In one of the most Patrick Reed stories of all time, the golfer everyone loves to hate has escalated a personal feud with a threat of legal action over accusations of cheating.
An attorney representing Reed sent a cease-and-desist letter to Golf Channel analyst Brandel Chamblee on Dec. 13 that demanded an end to Chamblee’s labeling of Reed as a “cheater” following a highly publicized incident in which Reed appeared to cheat at the Hero World Challenge last month, according to Golfweek.
The letter would have been sent on Day 2 of the Presidents Cup, the same day Reed’s caddy and brother-in-law reportedly punched a fan as discourse over his alleged cheating reached a fever pitch.
“The purpose of this letter is to obtain assurance that you will refrain from any further dissemination, publication or republication of false and defamatory statements concerning Mr. Reed, including any allegations that he ‘cheated’ at the Hero World Challenge in the Bahamas,” wrote Peter Ginsberg, a partner at the New York City law firm of Sullivan & Worcester.
The saga began when Reed was caught on camera appearing to blatantly hit sand near his ball in a bunker while competing in the Bahamas. Reed was eventually assessed a two-stroke penalty and blamed the camera angle following the round.
A closer look at Patrick Reed’s two-stroke penalty during Round 3 of the Hero World Challenge. pic.twitter.com/z2aqkajnYq— PGA TOUR (@PGATOUR) December 7, 2019
Reed’s lawyer reportedly challenged that had the PGA Tour really believed Reed had intentionally broken the rules, he would have been disqualified instead of only receiving the penalty, claiming “everyone involved agrees that Mr. Reed acted unintentionally,” and that tape of the incident apparently vindicated the golfer.
Chamblee was one of many, pro golfers and fans included, to lambast Reed following the incident. The attorney reportedly cited Chamblee saying on the air “To defend what Patrick Reed did is defending cheating. It’s defending breaking the rules” as an example of something apparently over the line.
Chamblee reportedly wasn’t concerned when contacted by Golfweek:
“My first reaction was that someone is so pissed at Patrick Reed that they went back and watched all the nice things I said about him when he won the Masters and was demanding I cease and desist saying nice things,” he said. “As I read further and got to the sentence that the tape fully supported him, I wondered how did Patrick Reed find the only lawyer in the world who didn’t play golf?

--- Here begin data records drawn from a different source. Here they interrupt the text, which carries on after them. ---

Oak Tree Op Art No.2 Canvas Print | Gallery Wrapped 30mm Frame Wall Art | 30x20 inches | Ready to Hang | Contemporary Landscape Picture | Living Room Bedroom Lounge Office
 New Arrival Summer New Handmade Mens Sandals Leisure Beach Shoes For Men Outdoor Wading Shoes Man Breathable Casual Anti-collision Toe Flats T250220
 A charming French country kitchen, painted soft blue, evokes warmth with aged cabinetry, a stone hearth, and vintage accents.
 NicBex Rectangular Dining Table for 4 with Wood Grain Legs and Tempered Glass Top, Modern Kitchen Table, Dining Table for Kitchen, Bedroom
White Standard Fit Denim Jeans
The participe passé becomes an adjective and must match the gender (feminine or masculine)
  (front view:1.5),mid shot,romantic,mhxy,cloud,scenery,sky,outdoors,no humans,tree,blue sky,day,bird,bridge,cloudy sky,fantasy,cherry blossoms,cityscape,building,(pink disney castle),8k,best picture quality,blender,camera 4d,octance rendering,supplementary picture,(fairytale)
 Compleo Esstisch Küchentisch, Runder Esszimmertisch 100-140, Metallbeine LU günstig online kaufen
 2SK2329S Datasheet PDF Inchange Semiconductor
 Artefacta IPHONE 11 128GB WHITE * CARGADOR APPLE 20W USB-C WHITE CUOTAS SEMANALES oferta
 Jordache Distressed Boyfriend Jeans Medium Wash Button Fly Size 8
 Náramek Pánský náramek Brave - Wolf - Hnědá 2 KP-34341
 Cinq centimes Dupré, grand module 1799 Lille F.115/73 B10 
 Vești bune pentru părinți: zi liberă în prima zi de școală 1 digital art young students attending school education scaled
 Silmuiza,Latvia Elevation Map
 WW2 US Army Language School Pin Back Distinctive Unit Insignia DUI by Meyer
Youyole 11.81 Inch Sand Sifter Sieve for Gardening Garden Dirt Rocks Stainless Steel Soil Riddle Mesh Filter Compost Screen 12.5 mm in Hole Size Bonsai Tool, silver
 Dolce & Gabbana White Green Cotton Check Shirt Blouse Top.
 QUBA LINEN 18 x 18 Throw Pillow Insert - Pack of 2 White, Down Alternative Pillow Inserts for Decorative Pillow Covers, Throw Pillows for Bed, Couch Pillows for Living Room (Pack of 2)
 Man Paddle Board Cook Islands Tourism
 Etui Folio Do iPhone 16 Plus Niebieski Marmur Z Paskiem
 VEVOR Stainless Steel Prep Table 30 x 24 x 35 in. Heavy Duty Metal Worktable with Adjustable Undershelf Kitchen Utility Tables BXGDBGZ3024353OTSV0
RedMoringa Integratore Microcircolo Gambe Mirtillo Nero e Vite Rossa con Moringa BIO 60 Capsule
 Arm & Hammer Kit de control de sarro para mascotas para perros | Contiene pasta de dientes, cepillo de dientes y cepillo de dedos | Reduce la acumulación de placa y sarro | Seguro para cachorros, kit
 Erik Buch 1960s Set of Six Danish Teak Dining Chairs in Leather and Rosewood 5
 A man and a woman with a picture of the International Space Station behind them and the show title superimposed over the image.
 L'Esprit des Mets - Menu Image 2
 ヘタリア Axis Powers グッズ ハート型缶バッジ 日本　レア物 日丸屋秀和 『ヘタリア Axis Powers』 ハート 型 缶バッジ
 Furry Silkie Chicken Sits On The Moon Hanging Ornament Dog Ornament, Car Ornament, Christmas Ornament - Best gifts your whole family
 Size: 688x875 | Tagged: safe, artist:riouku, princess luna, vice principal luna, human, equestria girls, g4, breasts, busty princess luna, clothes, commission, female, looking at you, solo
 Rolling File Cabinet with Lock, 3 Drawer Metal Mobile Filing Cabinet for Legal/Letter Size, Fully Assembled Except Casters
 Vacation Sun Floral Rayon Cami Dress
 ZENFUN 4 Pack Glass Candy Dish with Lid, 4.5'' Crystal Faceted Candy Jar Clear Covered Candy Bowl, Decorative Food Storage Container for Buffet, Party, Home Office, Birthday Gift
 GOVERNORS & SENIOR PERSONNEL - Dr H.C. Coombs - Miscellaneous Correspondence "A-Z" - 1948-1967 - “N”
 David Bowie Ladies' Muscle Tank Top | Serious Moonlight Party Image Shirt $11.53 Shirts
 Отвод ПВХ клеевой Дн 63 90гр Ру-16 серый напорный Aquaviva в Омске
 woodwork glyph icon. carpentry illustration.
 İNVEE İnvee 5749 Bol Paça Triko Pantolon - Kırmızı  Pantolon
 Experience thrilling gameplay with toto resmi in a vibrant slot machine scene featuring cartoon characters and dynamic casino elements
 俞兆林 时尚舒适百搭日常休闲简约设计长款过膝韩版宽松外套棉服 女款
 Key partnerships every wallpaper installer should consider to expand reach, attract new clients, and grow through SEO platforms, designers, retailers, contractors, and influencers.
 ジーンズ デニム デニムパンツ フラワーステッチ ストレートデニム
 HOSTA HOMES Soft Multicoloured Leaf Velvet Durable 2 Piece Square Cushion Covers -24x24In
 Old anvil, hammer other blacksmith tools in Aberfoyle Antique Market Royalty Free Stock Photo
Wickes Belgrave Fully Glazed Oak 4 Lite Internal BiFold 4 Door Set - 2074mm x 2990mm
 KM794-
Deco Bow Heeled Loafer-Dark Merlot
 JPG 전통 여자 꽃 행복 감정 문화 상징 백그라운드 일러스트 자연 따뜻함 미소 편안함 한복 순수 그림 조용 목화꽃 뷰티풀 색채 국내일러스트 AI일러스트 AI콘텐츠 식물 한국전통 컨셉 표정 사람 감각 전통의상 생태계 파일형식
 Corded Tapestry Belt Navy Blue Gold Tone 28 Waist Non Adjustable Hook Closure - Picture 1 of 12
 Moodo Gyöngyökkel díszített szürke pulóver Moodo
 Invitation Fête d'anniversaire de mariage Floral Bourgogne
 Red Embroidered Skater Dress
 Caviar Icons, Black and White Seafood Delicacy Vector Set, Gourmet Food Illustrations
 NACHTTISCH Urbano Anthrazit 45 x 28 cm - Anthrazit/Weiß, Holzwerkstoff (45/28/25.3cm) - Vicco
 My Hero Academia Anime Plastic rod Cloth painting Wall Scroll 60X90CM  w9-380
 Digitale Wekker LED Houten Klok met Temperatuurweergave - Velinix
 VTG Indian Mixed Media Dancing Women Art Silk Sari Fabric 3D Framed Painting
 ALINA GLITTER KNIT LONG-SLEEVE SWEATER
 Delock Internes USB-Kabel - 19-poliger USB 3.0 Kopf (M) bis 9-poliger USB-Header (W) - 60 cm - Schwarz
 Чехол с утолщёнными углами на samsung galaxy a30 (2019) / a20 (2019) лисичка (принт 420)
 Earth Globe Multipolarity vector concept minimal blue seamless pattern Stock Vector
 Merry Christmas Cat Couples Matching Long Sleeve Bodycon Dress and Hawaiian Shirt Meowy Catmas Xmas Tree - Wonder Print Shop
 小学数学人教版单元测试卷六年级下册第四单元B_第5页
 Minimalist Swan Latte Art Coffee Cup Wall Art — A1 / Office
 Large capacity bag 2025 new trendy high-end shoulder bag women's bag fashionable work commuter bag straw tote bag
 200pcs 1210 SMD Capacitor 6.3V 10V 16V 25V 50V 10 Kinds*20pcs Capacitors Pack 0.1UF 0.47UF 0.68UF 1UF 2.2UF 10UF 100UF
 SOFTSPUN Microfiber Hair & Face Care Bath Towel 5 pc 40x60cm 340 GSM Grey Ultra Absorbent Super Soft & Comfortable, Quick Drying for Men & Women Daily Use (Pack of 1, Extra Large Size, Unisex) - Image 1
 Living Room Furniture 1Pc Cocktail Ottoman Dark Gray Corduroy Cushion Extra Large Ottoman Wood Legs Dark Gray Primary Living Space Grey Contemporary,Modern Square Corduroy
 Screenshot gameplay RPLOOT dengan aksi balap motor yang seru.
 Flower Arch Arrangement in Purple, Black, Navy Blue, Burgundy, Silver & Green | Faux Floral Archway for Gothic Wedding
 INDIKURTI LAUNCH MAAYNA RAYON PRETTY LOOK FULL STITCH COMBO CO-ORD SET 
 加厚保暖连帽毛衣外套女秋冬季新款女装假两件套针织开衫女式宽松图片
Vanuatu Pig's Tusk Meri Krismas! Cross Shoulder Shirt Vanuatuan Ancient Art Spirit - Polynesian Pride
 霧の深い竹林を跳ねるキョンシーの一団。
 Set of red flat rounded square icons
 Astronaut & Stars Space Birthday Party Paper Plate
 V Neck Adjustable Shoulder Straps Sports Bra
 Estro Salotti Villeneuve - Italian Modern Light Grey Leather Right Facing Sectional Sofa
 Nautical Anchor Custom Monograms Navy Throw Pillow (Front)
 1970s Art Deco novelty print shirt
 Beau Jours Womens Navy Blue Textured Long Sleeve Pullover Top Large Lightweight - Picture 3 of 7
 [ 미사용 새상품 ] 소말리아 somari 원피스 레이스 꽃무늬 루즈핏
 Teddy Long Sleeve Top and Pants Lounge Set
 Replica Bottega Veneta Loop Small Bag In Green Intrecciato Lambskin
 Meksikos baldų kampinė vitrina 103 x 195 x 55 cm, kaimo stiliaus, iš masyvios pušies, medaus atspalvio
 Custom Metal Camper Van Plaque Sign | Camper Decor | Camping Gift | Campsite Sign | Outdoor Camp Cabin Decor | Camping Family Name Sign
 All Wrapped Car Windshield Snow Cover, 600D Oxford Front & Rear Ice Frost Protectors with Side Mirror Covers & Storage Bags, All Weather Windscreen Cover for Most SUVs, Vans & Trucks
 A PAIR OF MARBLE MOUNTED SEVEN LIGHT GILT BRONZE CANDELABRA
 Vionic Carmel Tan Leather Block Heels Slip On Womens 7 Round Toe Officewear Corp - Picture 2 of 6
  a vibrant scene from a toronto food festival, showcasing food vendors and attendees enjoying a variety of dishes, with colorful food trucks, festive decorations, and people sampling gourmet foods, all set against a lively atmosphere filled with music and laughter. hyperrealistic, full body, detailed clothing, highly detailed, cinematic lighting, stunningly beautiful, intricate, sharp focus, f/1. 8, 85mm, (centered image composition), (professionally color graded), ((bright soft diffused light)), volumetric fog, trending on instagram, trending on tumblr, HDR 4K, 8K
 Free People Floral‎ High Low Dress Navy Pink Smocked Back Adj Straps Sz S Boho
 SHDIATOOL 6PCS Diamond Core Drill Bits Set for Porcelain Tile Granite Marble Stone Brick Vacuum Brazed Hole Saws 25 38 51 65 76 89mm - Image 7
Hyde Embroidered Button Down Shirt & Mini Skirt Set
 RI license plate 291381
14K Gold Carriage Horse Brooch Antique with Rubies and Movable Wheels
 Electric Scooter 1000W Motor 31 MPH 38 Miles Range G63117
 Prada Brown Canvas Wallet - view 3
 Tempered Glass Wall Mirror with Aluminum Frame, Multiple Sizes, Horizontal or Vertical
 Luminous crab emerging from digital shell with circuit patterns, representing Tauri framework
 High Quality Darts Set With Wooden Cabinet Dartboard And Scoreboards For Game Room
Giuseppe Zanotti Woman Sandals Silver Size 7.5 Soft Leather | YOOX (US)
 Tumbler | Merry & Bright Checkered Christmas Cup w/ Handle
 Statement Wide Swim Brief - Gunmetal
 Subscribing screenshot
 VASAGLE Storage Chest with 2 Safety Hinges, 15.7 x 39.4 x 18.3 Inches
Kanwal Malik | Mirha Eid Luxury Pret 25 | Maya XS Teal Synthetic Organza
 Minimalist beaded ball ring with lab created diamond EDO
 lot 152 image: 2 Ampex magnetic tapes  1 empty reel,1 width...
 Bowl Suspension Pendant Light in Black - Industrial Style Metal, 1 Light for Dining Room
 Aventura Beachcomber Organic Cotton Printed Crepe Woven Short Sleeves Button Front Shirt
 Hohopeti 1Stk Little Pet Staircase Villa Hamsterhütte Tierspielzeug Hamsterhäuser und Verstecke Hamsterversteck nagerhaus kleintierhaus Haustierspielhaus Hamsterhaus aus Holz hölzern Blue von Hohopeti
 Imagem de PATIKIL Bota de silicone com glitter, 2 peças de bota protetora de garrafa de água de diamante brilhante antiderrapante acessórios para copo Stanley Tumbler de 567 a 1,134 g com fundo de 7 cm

“As I continued, I felt like I was reading Finnegan’s Wake,” Chamblee added, referencing James Joyce’s famously incomprehensible novel.
The attorney reportedly didn’t directly threaten any kind of defamotion suit, but did demand Chamblee sign a document agreeing to not repeat his past comments on Reed’s alleged cheating (good luck with that).
Of course, Reed has plenty more people beyond Chamblee to convince before his reputation can be pulled out of the gutter.